What I Have to Work With
I have a folder with ~75,000 JSON files. They all have the same structure; here is an example of what they look like (more on that below):
{
"id": 93480
"author": "",
"joined by": [],
"date_created": "2010-04-28T16:07:21Z"
"date_modified": "2020-02-21T21:42:45.655644Z"
"type": "010combined",
"page_count": null,
"plain_text": "",
"html": "",
"extracted_by_ocr": false,
"cited": [
]
}
One way that the real files differ from the above is that either the "plain_text" or the "html" key will have an actual value, namely text (whether plaintext or HTML). The length of that text can vary from a couple of sentences to over 200 pages worth of text. Thus, the JSON files range in size from 907 bytes at the smallest to 2.1 MB.
What I'm Trying to Do
I want to be able, essentially, to search through all the files for a word or phrase contained in either the plain_text or HTML fields and, at a minimum, return a list of files containing that word or phrase. [Ideally, I'd do other things with them, as well, but I can figure that stuff out later. What I'm stumped on is where to begin.]
What I Can't Figure Out
Whether to even bother with a document-store db like MongoDB (or PostgreSQL). If that's the appropriate way to handle this, I'm open to working my way through it. But I can't even tell if that's how I should attack the problem, or if I should instead just use a Python script to iterate over the files in the folder directly. Can you use populate a DB with all the files in a folder, then search for a substring in each row? The fact that some of these files have a ton of text in one of the values makes it seem weird to me to use a DB at all, but again: I don't know what I'm doing.

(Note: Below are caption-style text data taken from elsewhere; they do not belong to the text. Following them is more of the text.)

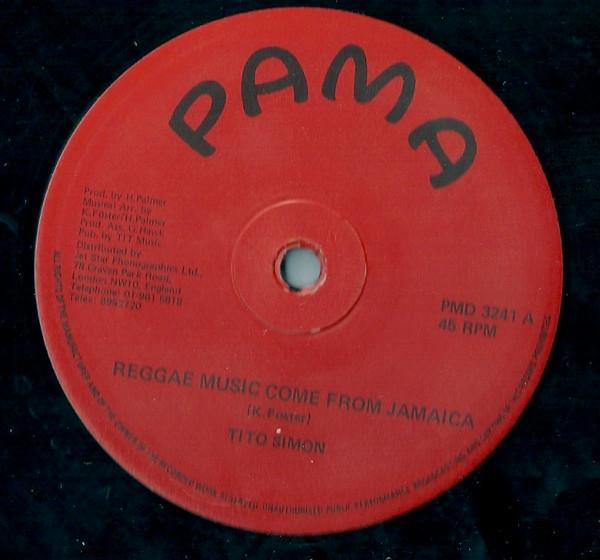 Tito Simon - Reggae Music Come From Jamaica / This Magic Moment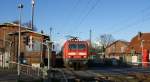 143 082-6 erreicht am 24.03.2008 mit ihrer RB nach Pinneberg Dauenhof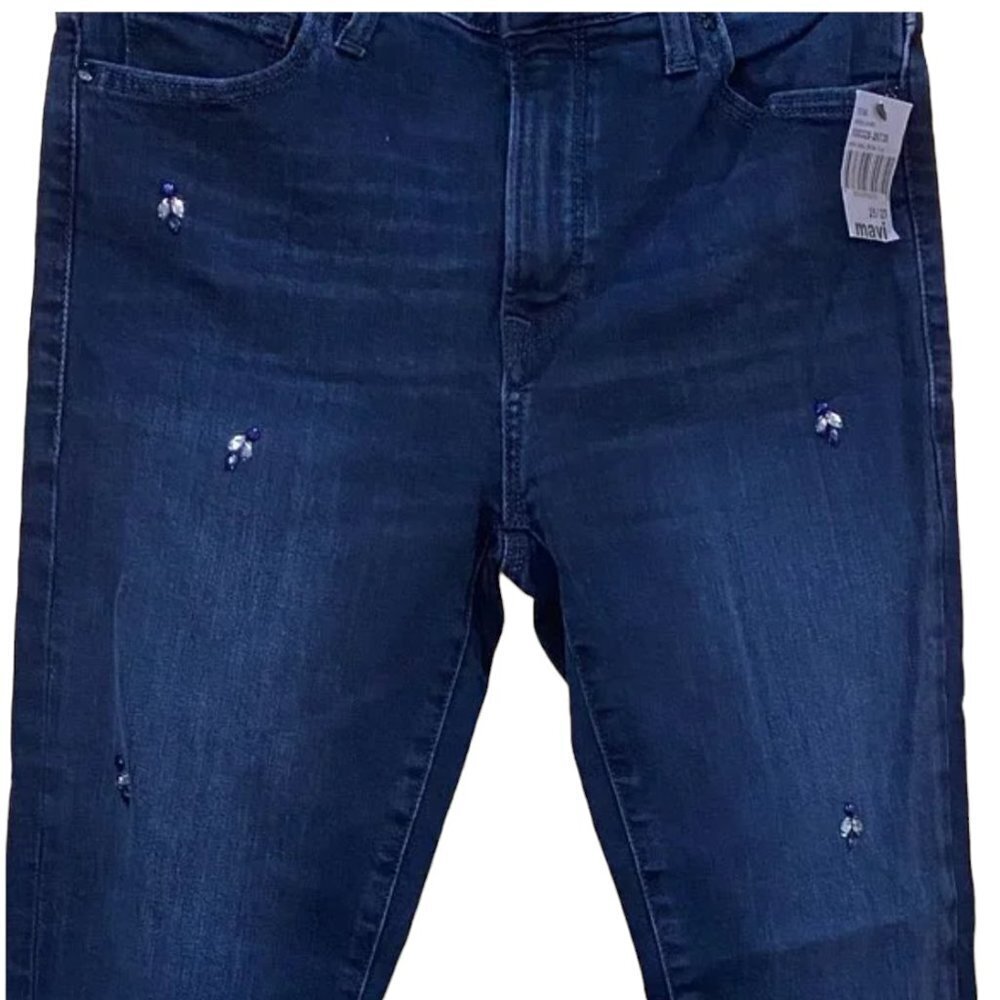MAVI Crystal Rhinestone Embellished Dark Denim Jeans - size 25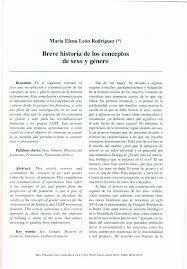 La historia del concepto de género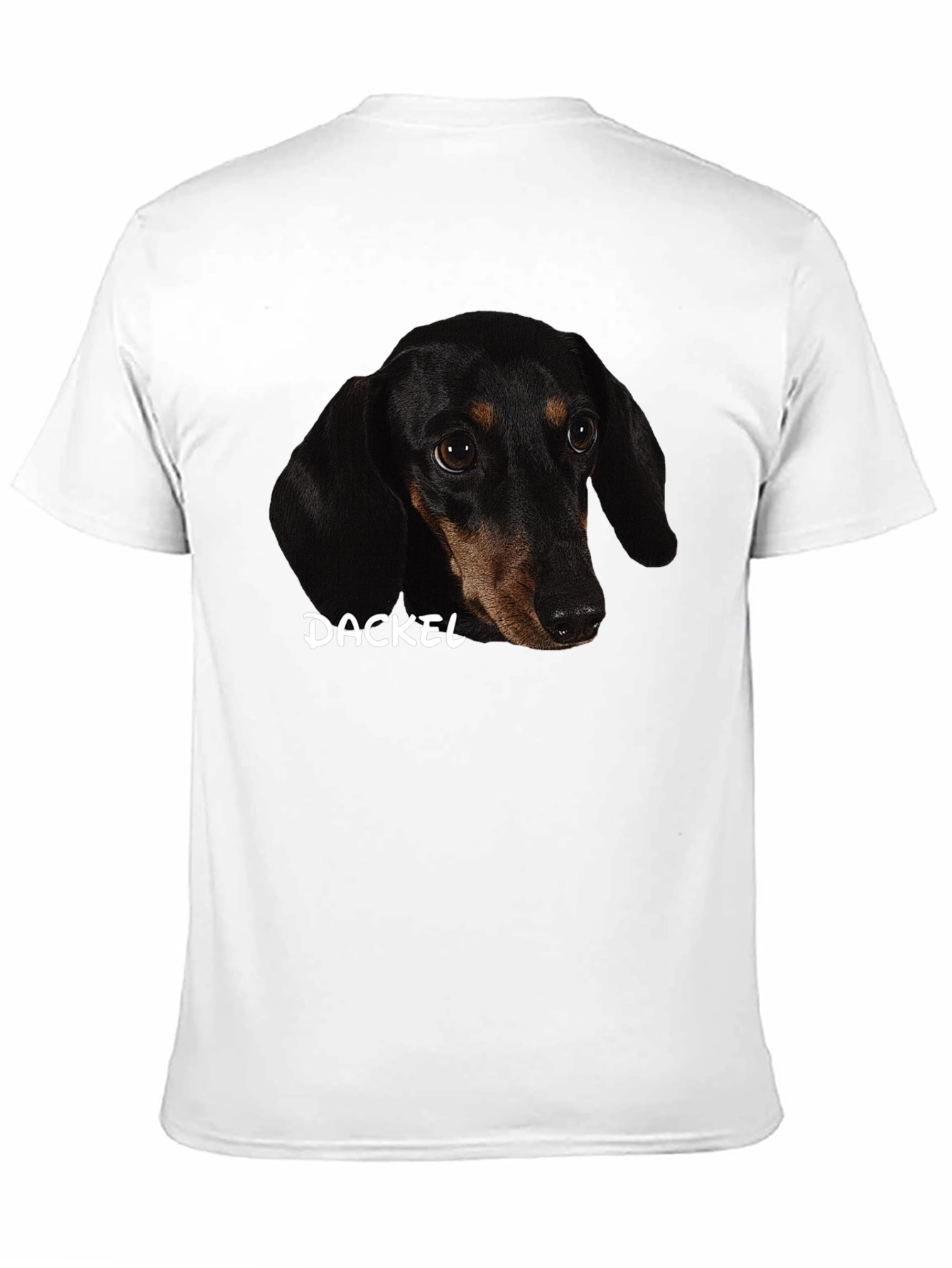 Dackel Dog Graphic Tee - Black Unisex T-Shirt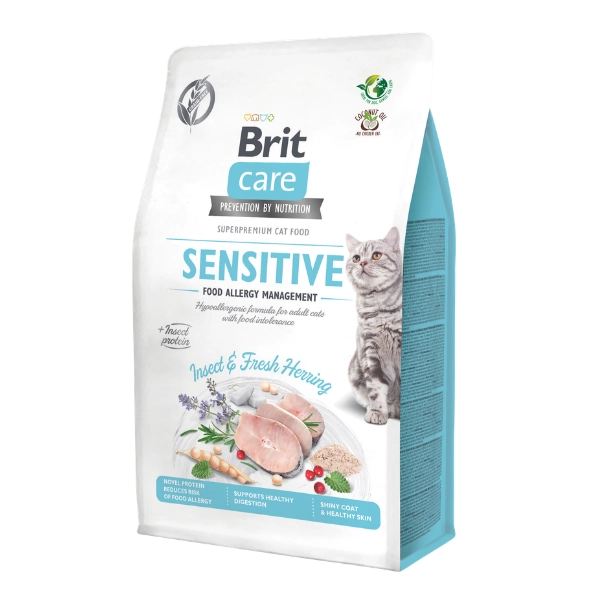 BRIT CARE Cat Grain?Free Insect Food Allergy Management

I think I know to iterate over the files directly with Python. I know how to open files, and I know how to get a list of keys from JSON files. But how do you search for a matching substring in two JSON values? And then, if the substring is found in one of them, how do you return the "id" field to a list, close the file, and move to the next one? (I mean, obviously, the basic structure is a conditional. Here's the logical structure of what I'm thinking here:
- Variable = "substring I want to match"
- List = [] # Will hold ids of files containing variable
- Open file
- Read file to the end
- Search file [or just the two JSON keys?] for variable
- If variable found append "id" to list
- Close file
- Move to the next one in the directory
It's the actual code part that I'm stumbling over.